Friday, May 7, 2010

Announcing the "N" Litter!

Today, an ultrasound showed that Hunter is definitely pregnant--the vet count 6 or 7 beating hearts in their little sacs. Hunter was an absolute doll for the ultrasound, and I scratched her chin and chest while she patiently waited upside down in the V shaped foam rest on the vet's exam table. It reminded me so much of her mother Nike's attitude during the ultrasound--just soaking up the attention and being very patient. This will be her first litter (just turned 4 years old), so I hope she's as good a mom as Nike too!

   So, who's the daddy, you ask?

V Orus d'Ulmental, KK1a, SchH3

Well it was a really tough call, but I decided to try something different this breeding, and I did something I've never done before--I bred to a show-line male, V Orus d'Ulmental, KK1a, SchH3. He's breed survey class 1, a stamped, SchH3, and AD--that means that he was "recommended for breeding" by a German koermeister, passed his hip evaluations (and elbows, too), performed a 12 mile endurance test (the AD, which is a prerequisite for the Koerung), and has a schutzhund 3 title. He's a son of 2x German Sieger VA1 Vegas du Haut Mansard, a Sieger who is well-known for his working ability and sound temperament, and is linebred 5-2 on VA Max della Loggia dei Mercanti, a VA dog known for his ability to pass on strong working drives as well as his good looks.

When I met Orus, I was impressed by his confidence and clear-headed attitude. He showed strong ball drive as he played with his handler, Megan, and was aloof and neutral to my presence.

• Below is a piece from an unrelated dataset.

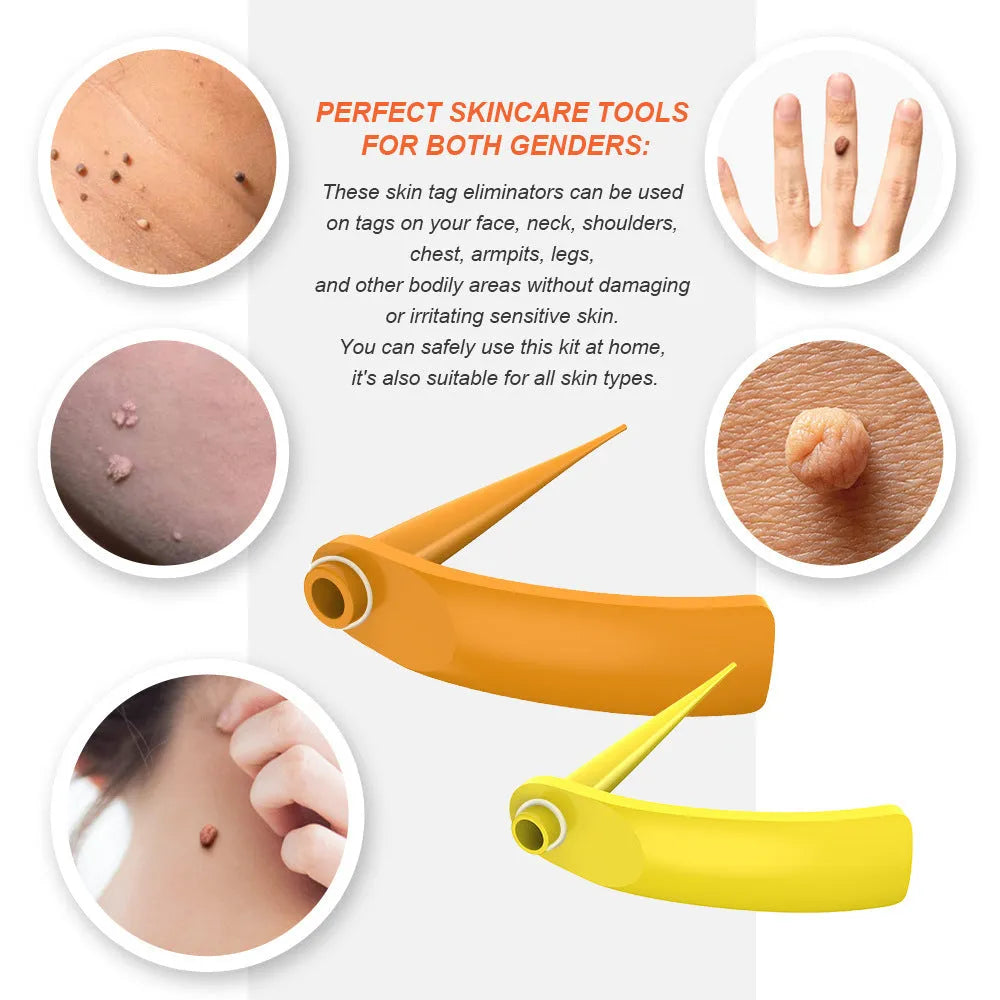 Orange-yellow mole remover kit with two devices, rubber rings, alcohol swabs, and manual.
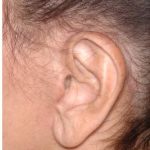 Facelift - Scar Before & After Patient #8170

Too bad I cut off Orus's leg in this next shot--it would have been a nice image of him free gaiting with his beloved ball:

Blackthorn's Hunter, JHD

Hunter is OFA Good Hips and clear elbows and has an AHBA Junior Herding Dog title. I plan to do more herding with her and probably at least a BH title, but she had the poor timing to be born while I was in the midst of my schutzhund hiatus. She's a very calm dog in the house, good with children and sweet with strangers. She's got a lot of prey drive and loves to track. She's out of my Nike and the 2x USA Universal Sieger V Alex v Eisenhaus, KK1, SchH3, who is a Troll vh Milinda son.

Conformationally, she's very moderate and very balanced, although she could use a bit higher withers and just a bit more rear angulation (for my taste anyway--I prefer moderate rear angulation, but a GSD should have good "rear drive" and somewhat more angulation than most other breeds). She's an incredible agile dog, and always knows where every foot is as she goes over difficult footing.

So, I'm hoping with this litter to produce some beautiful puppies with confident personalities, plenty of prey drive, the ability to work at SAR or Schutzhund or herding or agility all day and then come home and relax on the couch all evening. I'm hoping for dogs who will love to work with their person, but who will be happy just to keep you company on quiet days.

The puppies should be black and red, with a lot of black pigment, but more extensive red/tan points than Hunter has. (Genetically, Hunter is bicolor/bicolor, and Orus is black&tan/black&tan, so all puppies will be black&tan with the bicolor recessive, which typically gives rich pigmentation and a large saddle area, like Nike, who is b&t/bicolor genetically.) I may get some long coats, which should make gorgeous companions. (As of this year, longcoats have been accepted for breeding by the SV in Germany.) I expect the pups to have very correct conformation--not as flashy or showy as their dad, but flashier than their very correct, very moderate mom. They'll probably be medium-sized adults--between 65 and 85 pounds for females/males.

Due date is June 12!


Nancy said...

It looks and sounds like a good breeding. Keep us informed of Hunter's progress. I live in Bradenton Florida and have the privilege of watching Macy growing up. Nancy

Steve Schuler said...

Hey There!

I just came upon your blog today and thought I'd drop you a short note. I am a pretty big fan of the GSD and I have had four of them over the years as well as a dachshund, a malamute, and a golden retriever. To the point, I'm glad to see that you are breeding what you believe to be two good dogs to each other even though you are going against the conventional wisdom/practice of maintaining the separation of work/show lines. I could go on about that subject, but I will spare you (and me!) that ordeal! I wound up hooking up to you via the Pedigree Database forum, where I am a better student than teacher and know enough to keep my mouth shut and just pay attention. Well, best of luck to you on this litter!



Steve Schuler said...

One more thing...

"Genetic diversity is genetic strength"

More people need to get that notion into their heads, don't you think?